S'adressant au Congrès, la directrice du renseignement national, Tulsi Gabbard, a souligné que l'Iran avait fourni des drones en échange de renseignements et de cybercapacités russes.

«La Russie a été le catalyseur d'une grande partie de cette coopération élargie, fortement motivée par le soutien dont elle a eu besoin pour son effort de guerre contre l'Ukraine», a déclaré Mme Gabbard aux législateurs.

Dans un contexte de craintes mondiales d'une guerre commerciale après l'imposition de droits de douane par Donald Trump, les chaînes d'approvisionnement pourraient être ciblées en représailles. Si les grandes entreprises disposent d'une cyberéquipe robuste, les petits fournisseurs qui ne disposent pas de ces ressources peuvent faciliter l'accès aux intrus.

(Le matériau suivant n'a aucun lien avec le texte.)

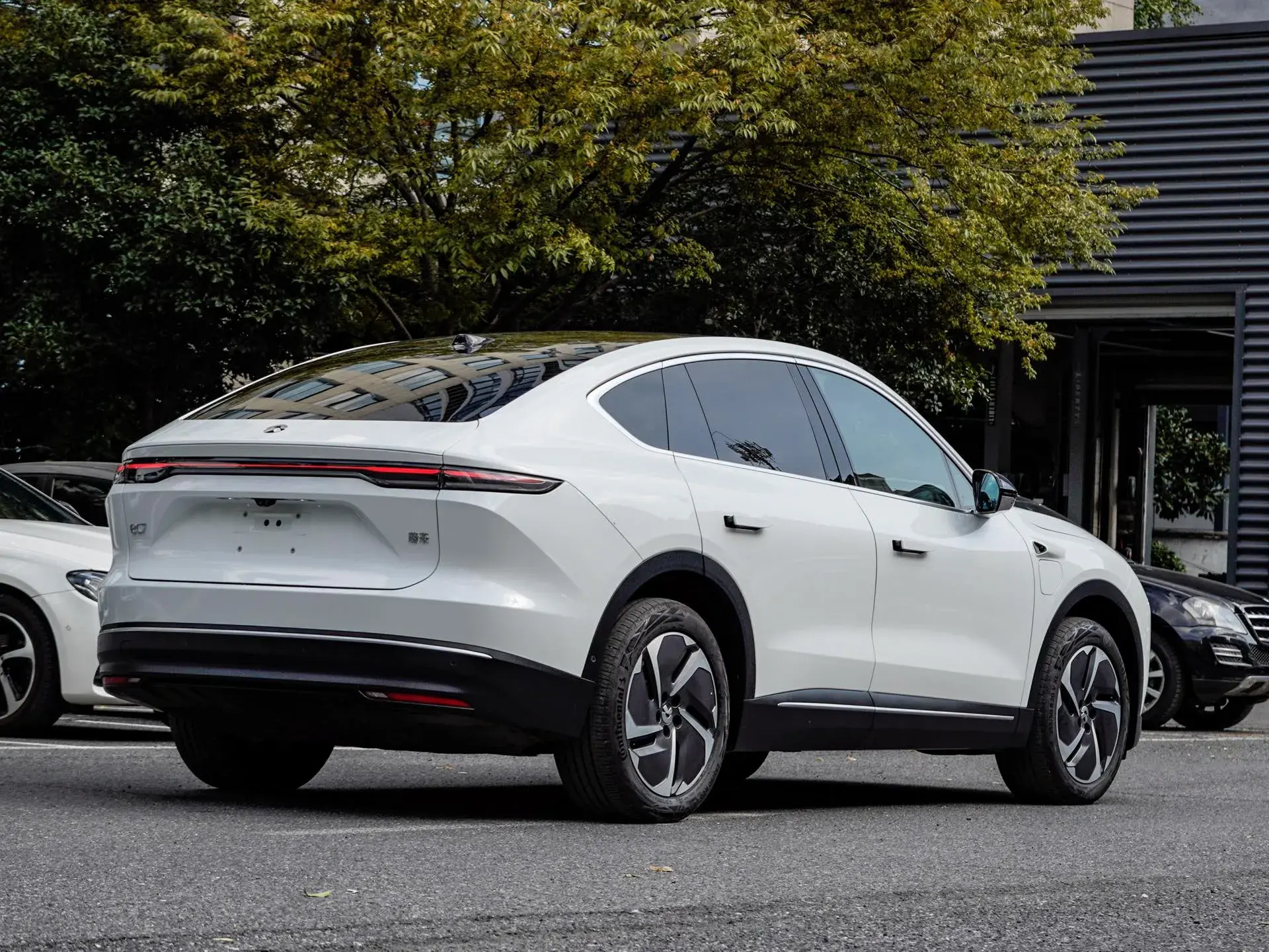 2024 NIO EC7 thumbnail 4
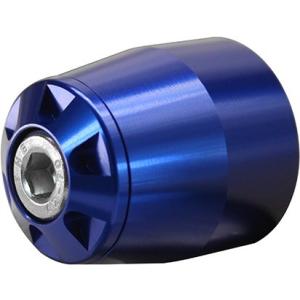 U-KANAYA ユーカナヤ アルミバーエンド ミディアムウエイト エンドキャップカラー：レッド /...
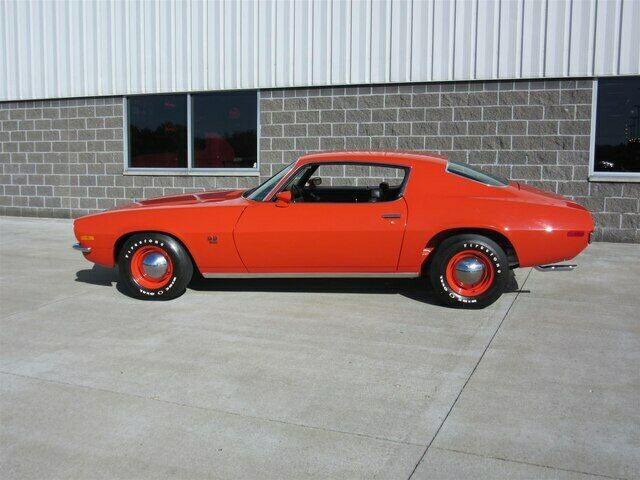 Chevrolet Camaro 1970 image number 14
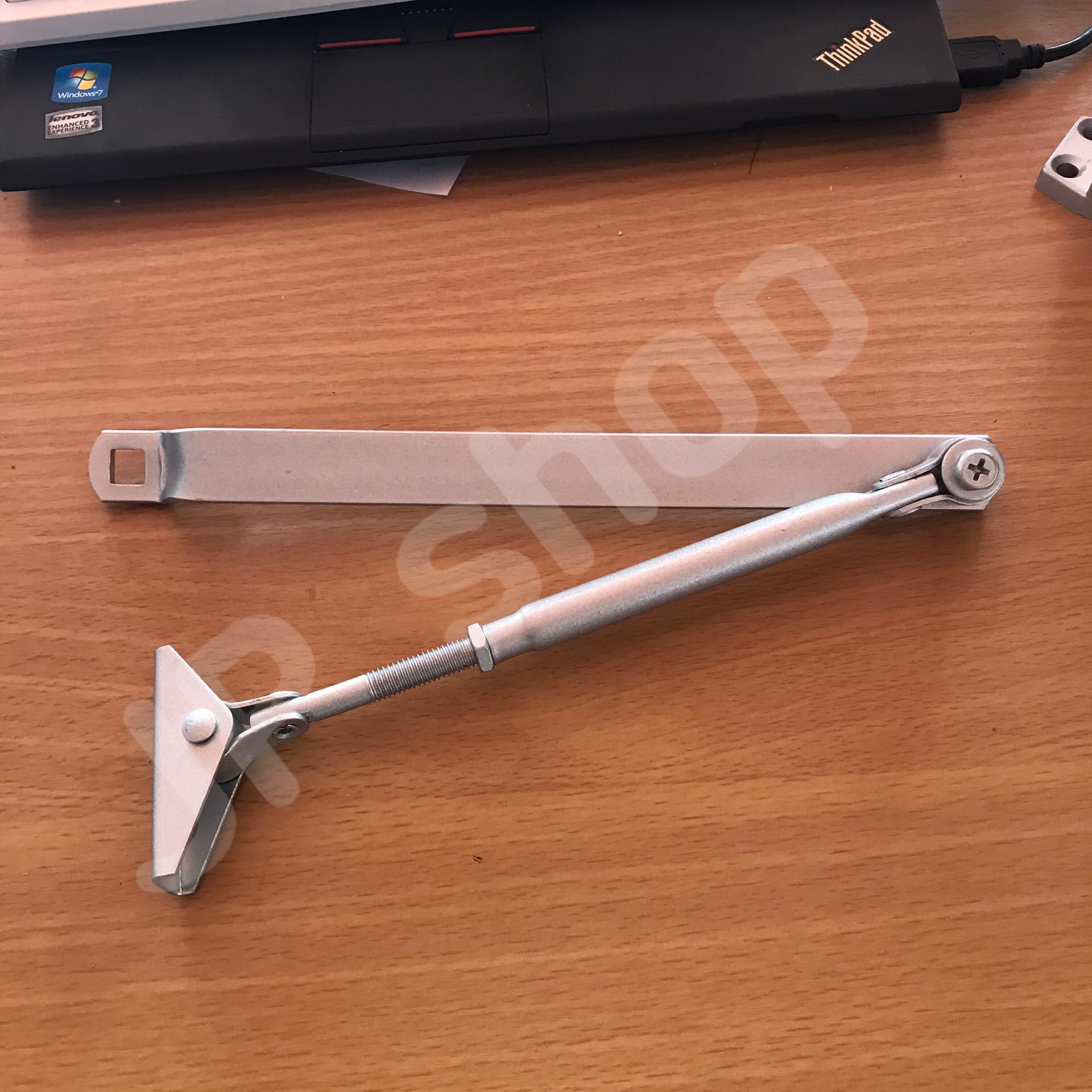 โช๊คประตู สำหรับปิดประตู ลดล้างสต๊อค ที่ปิดประตู อัตโนมัติ โช๊คอัพประตู แข็งแรง ทนทาน#00150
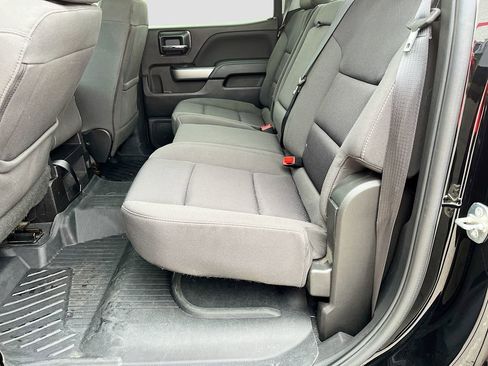 Used 2018 Chevrolet Silverado 1500 LT w/ All Star Edition AWD/4WD image 24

Et tout cycle de cyberconflits de représailles, dans lequel un pays pirate un système sensible en riposte à une attaque antérieure, comporte un «risque élevé» pour toutes les parties impliquées, selon Sonu Shankar, un ancien chercheur au Laboratoire national de Los Alamos, aujourd'hui directeur de la stratégie chez Phosphorus Cybersecurity.

L'effet Trump

Alors que les experts en sécurité nationale et en cybersécurité affirment que les États-Unis devraient renforcer leurs défenses, le président Trump a appelé à des réductions d'effectifs et à d'autres changements au sein des agences chargées de protéger les intérêts américains dans le cyberespace.

Par exemple, il a récemment limogé le général Timothy Haugh, qui supervisait la NSA et le Cyber Command du Pentagone.

À la demande de Donald Trump, l'Agence américaine de cybersécurité et de sécurité des infrastructures a mis en congé des membres du personnel travaillant sur la sécurité des élections et a réduit de plusieurs millions de dollars le financement des programmes de cybersécurité pour les élections locales et régionales. 

Son administration a supprimé le Centre d'engagement mondial du département d'État, qui traquait et dénonçait la désinformation étrangère en ligne. La CIA, la NSA et d'autres agences de renseignement ont également subi des réductions d'effectifs.

L'administration Trump a été confrontée à de nouvelles interrogations quant à son sérieux en matière de cybersécurité lorsque de hauts responsables ont utilisé la populaire application de messagerie Signal, à la fin mars, pour discuter d'informations sensibles concernant des frappes militaires à venir au Yémen. 

Les responsables de la cybersécurité insistent sur le fait que les changements apportés par Donald Trump renforceront la sécurité des États-Unis, tout en éliminant les dépenses inutiles et les réglementations confuses.

Le Pentagone, par exemple, a investi dans l'exploitation de l'intelligence artificielle pour améliorer sa cyberdéfense, selon un rapport remis au Congrès par le lieutenant-général William J. Hartman, commandant par intérim de la NSA et du Cyber Command.

Les changements apportés à l'Agence de cybersécurité et de sécurité des infrastructures interviennent alors que ses dirigeants réfléchissent à la meilleure façon d'exécuter leur mission en accord avec les priorités de l'administration, selon un communiqué de la CISA.

«En tant qu'Agence américaine de cyberdéfense, nous restons déterminés à assurer la protection des infrastructures critiques du pays contre toutes les menaces cybernétiques et physiques. Nous continuerons de collaborer avec nos partenaires du gouvernement et de l'industrie et nos alliés internationaux afin de renforcer les efforts mondiaux en matière de cybersécurité et de protéger le peuple américain contre les adversaires étrangers, les cybercriminels et autres menaces émergentes», peut-on lire dans le communiqué.